Pemerintah disebutnya tengah menyiapkan mekanisme distribusi dan pembiayaan yang efisien agar manfaat ekonomi dapat dirasakan masyarakat luas.
Zulhas: Investasi Sumber Daya Manusia
Zulhas menegaskan, MBG harus dilihat sebagai strategi membangun kualitas manusia, bukan semata bantuan pangan.
Dengan memenuhi kebutuhan gizi anak-anak dan ibu hamil, program ini diharapkan menciptakan generasi yang lebih sehat dan produktif.

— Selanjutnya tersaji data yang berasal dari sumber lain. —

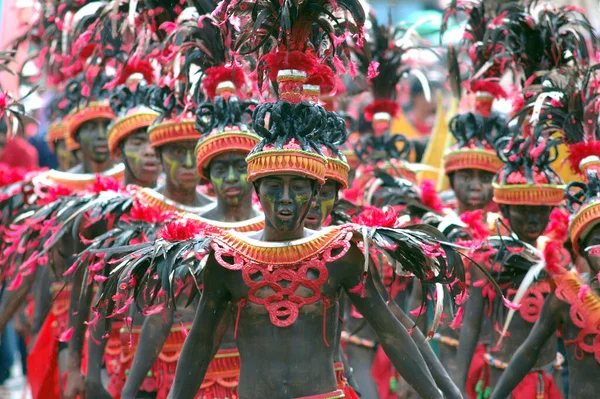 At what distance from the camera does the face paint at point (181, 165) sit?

Ia pun berharap seluruh pihak, termasuk pelaku usaha dan pemerintah daerah, ikut mengawal pelaksanaan MBG agar berjalan tepat sasaran.
“Kalau ini berhasil, hasilnya baru akan terlihat dalam lima sampai sepuluh tahun ke depan,” ujar Zulhas.
Berkaca dari hal itu, sebelumnya, terdapat sorotan khusus dari Lembaga Penyelidikan Ekonomi dan Masyarakat Fakultas Ekonomi dan Bisnis Universitas Indonesia (LPEM FEB UI).
LPEM FEB UI menilai, Indonesia bisa belajar dari pendekatan yang digunakan Brasil dalam menjalankan program makan sekolah nasionalnya.
LPEM Soroti Gaya Brasil
Melalui unggahan resmi di akun Instagramnya @lpemfebui, pada Jumat, 31 Oktober 2025, LPEM FEB UI menjelaskan, Brasil mewajibkan sebagian anggaran program makan sekolah dialokasikan untuk membeli bahan pangan dari petani lokal.
“Sekitar 30 persen total anggaran PNAE wajib digunakan untuk membeli bahan pangan langsung dari petani keluarga atau lokal. Ini langkah nyata menuju ketahanan pangan dan keberlanjutan,” tulis LPEM FEB UI.
Menurut lembaga itu, kebijakan tersebut tidak hanya menjamin ketersediaan bahan pangan segar, tetapi juga memperkuat ekonomi masyarakat di pedesaan.